§ **PROBLEM TO SOLVE**: Under this line are the records; repeat exactly the lines starting at the one containing "achat localcommercial dijon 21000" and ending at the one containing "Những tiêu chí", omitting pictures.

§ **DATASET ENTRIES**:
=-=-=

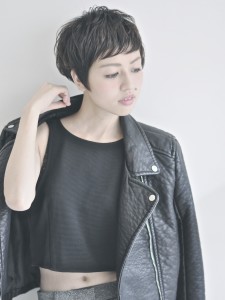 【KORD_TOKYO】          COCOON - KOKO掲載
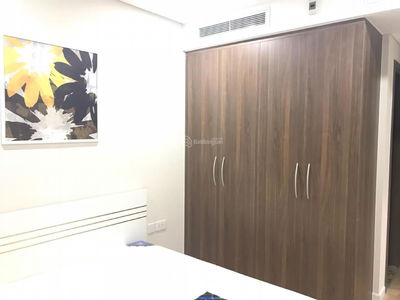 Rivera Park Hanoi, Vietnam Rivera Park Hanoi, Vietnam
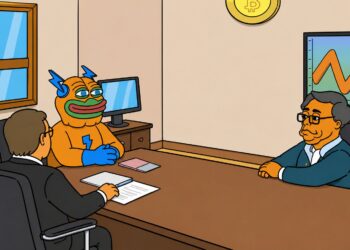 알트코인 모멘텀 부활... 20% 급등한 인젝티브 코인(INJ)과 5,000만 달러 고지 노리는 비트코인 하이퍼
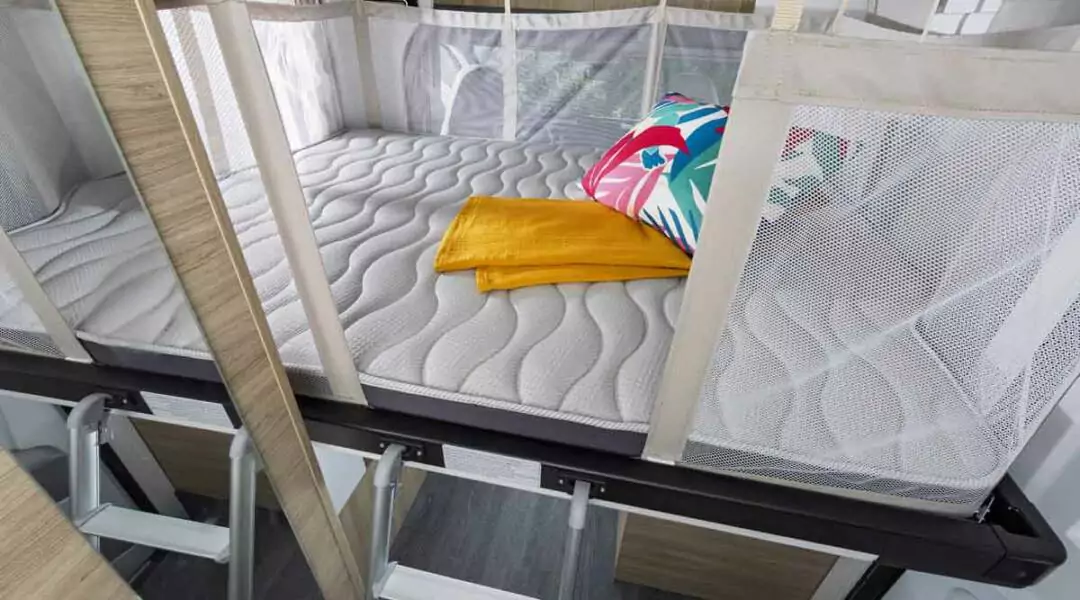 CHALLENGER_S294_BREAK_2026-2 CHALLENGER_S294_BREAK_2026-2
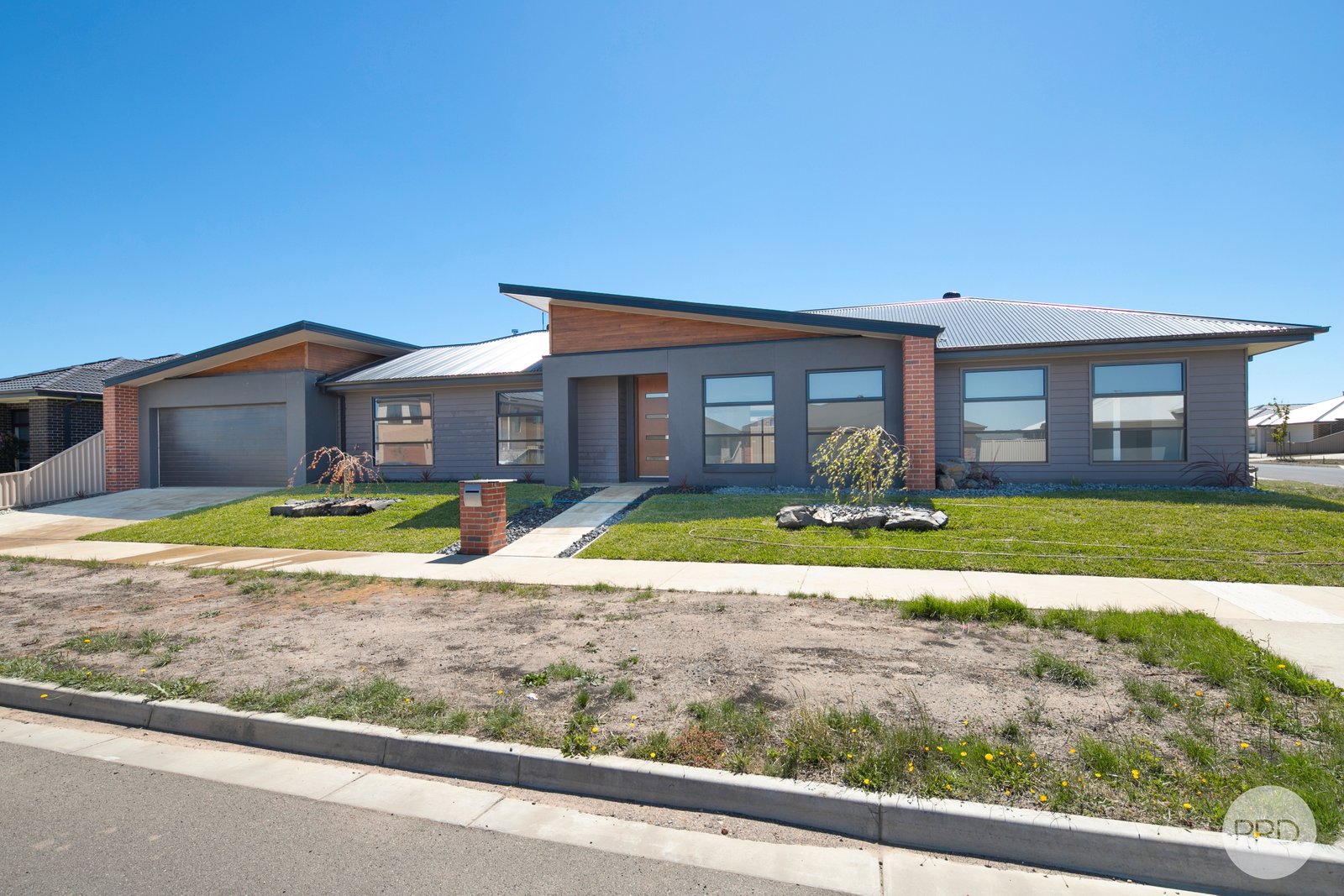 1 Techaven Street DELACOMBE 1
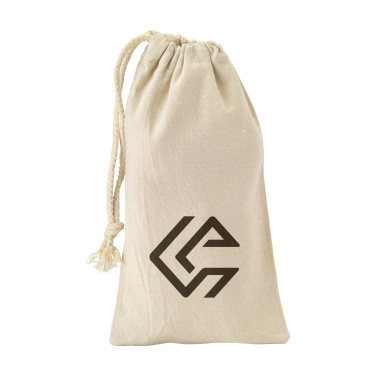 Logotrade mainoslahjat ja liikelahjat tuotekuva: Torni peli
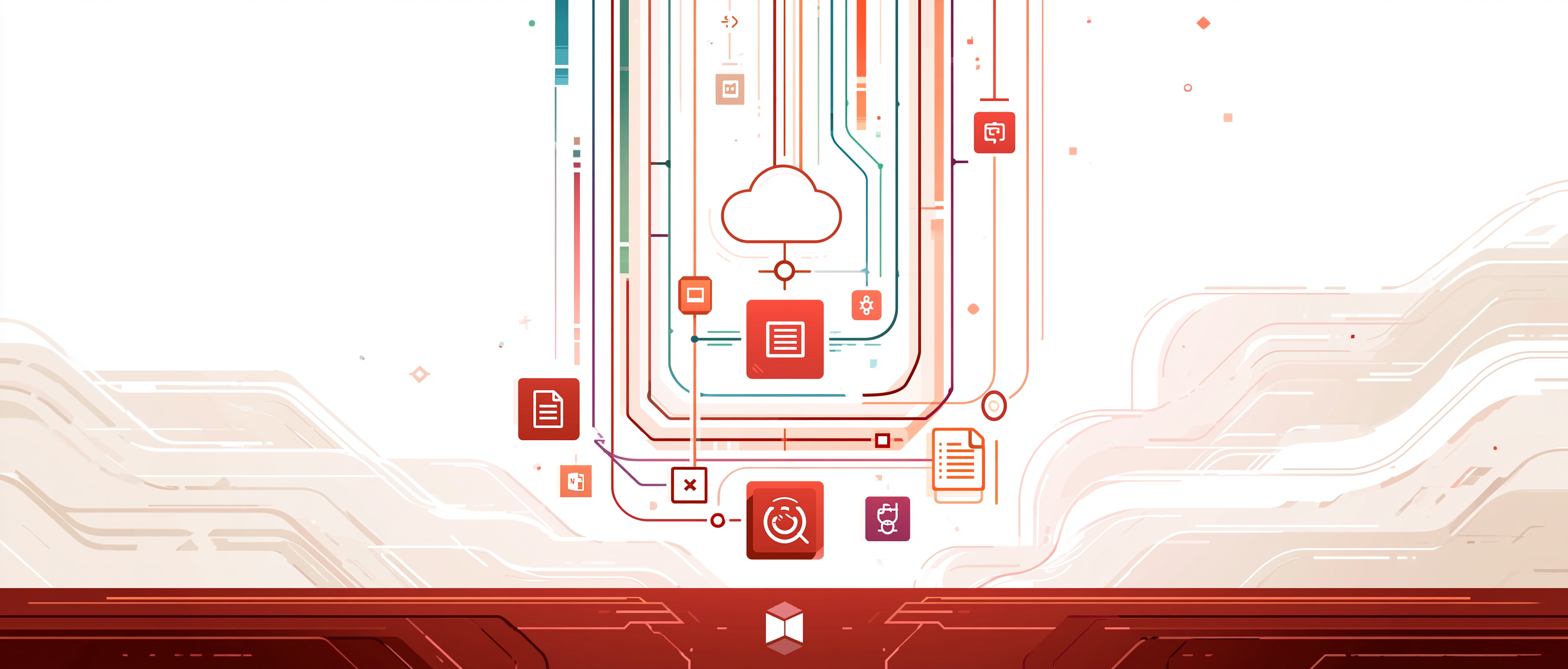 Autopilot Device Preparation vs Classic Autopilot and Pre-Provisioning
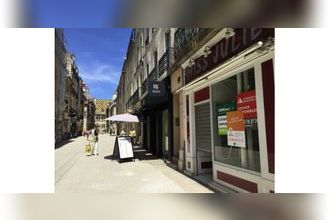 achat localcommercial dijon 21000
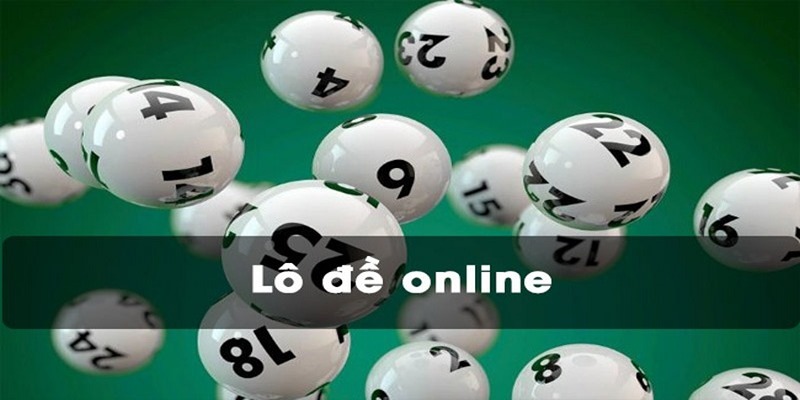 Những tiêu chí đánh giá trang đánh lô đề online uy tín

=-=-=

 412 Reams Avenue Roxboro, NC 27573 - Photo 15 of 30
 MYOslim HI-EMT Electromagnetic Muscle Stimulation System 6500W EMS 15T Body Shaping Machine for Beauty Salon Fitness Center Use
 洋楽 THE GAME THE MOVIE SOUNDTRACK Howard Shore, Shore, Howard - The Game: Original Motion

=-=-=

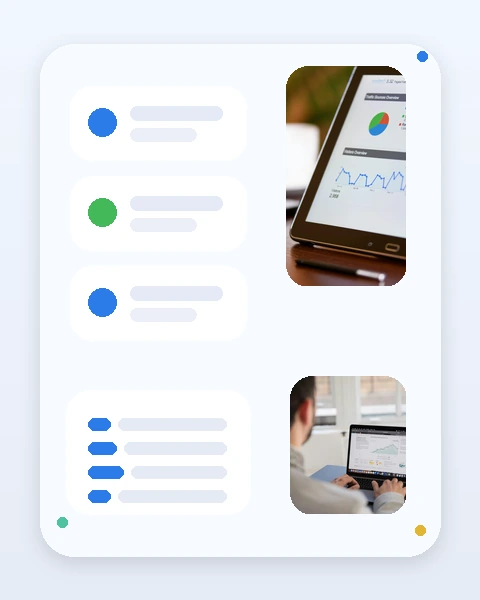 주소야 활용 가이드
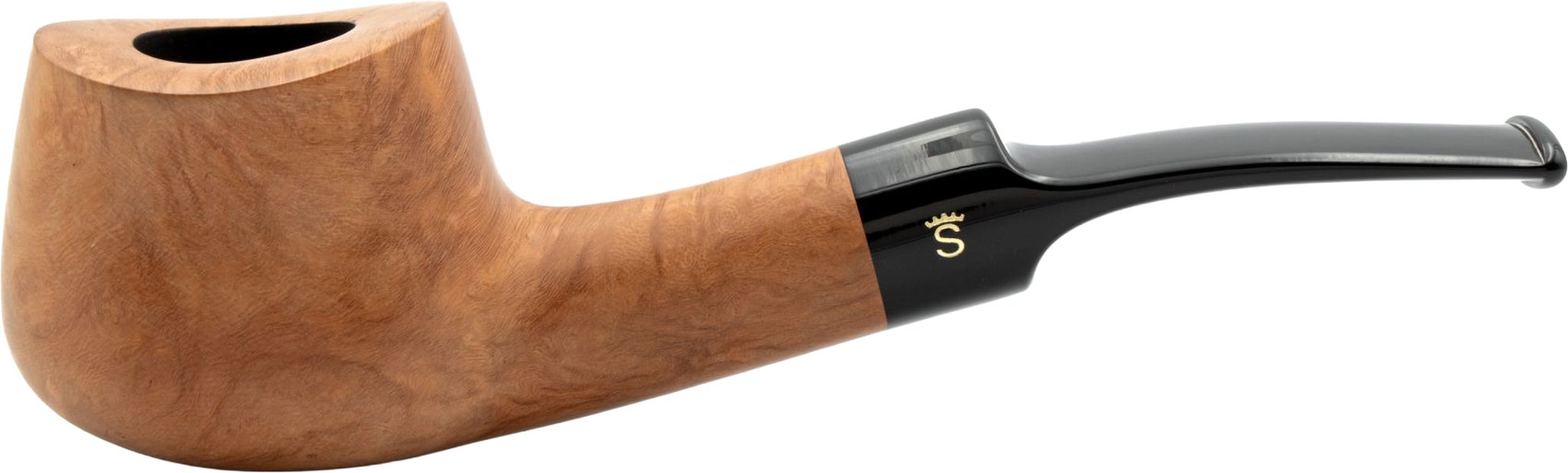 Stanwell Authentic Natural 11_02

=-=-=

§ **SOLUTION TO THE PROBLEM**:
 achat localcommercial dijon 21000
 Những tiêu chí đánh giá trang đánh lô đề online uy tín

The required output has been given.